Wenn Seehofer diese Leistung einführen möchte, "dann soll er das in Bayern tun, so wie es Thüringen auch gemacht hat". Jedes Bundesland könne schon jetzt für sich entscheiden, ob es ein Betreuungsgeld einführen möchte, sagte die FDP-Politikerin. Seehofer hat mit dem Bruch der schwarz-gelben Bundesregierung gedroht, falls das Betreuungsgeld nicht eingeführt werden sollte.

Die Auseinandersetzung ist nur der jüngste Beleg dafür, wie tief der Ärger zwischen Liberalen und Union reicht. Nach der missratenen Einbringung in den Bundestag entwickelt sich das Thema zusehends zum Sprengsatz. CSU-Chef Horst Seehofer drohte am Wochenende offen mit dem Bruch der Koalition, sollte das Projekt nicht verwirklicht werden. Und ergänzte: "Und die Stimmen der CSU sind in dieser Koalition notwendig."

Wieder reiben sich CSU und Liberale

Zuvor hatte Rösler dafür plädiert, die durch die Panne bei der Einbringung in den Bundestag erzwungene Pause für Änderungen zu nutzen. In der "Bild am Sonntag" fordert er unter anderem, ein Nebeneinander von Betreuungsgeld und Elterngeld zu vermeiden.

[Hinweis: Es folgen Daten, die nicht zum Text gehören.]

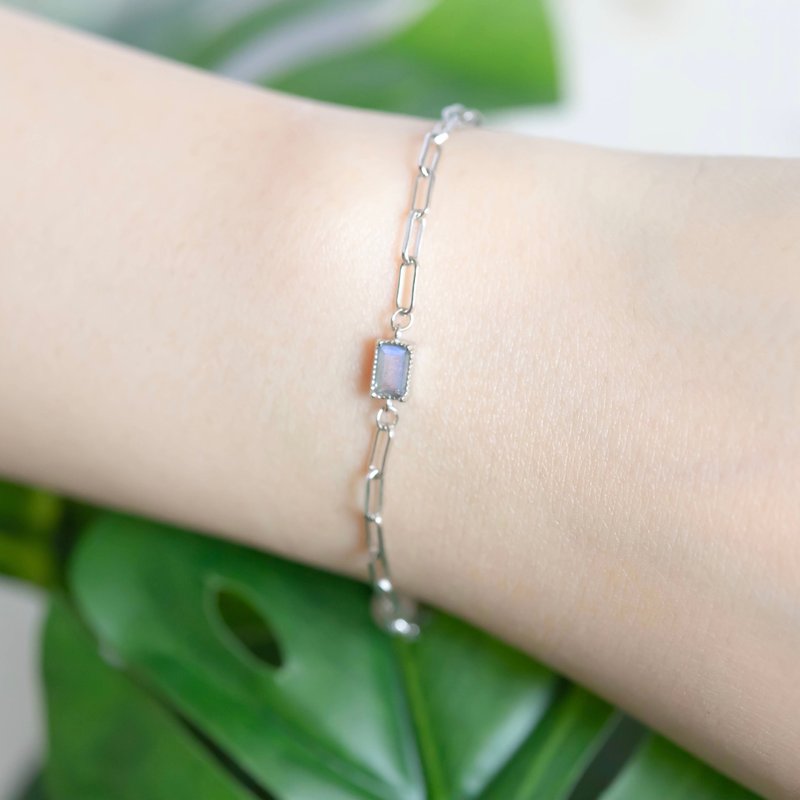 Labradorite 925 Sterling Silver Candy Box Chain Design Bracelet - สร้อยข้อมือ - คริสตัล สีน้ำเงิน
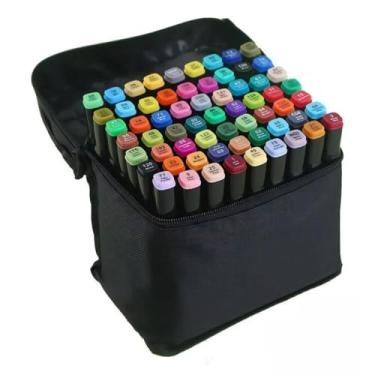 Imagem de Canetinha Ponta Dupla para Colorir Kit Estojo de Canetas Escolar Marcador Coloridas Permanente Duas Pontas (60 Cores)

CSU-Generalsekretär Alexander Dobrindt erklärte in der "Welt am Sonntag", Röslers Verhalten löse Befremden aus. Er wünsche sich mehr Geradlinigkeit und Vertragstreue beim Koalitionspartner. FDP-Generalsekretär Patrick Döring konterte in der "Welt" vom Montag, Dobrindt habe ein seltsames Politikverständnis.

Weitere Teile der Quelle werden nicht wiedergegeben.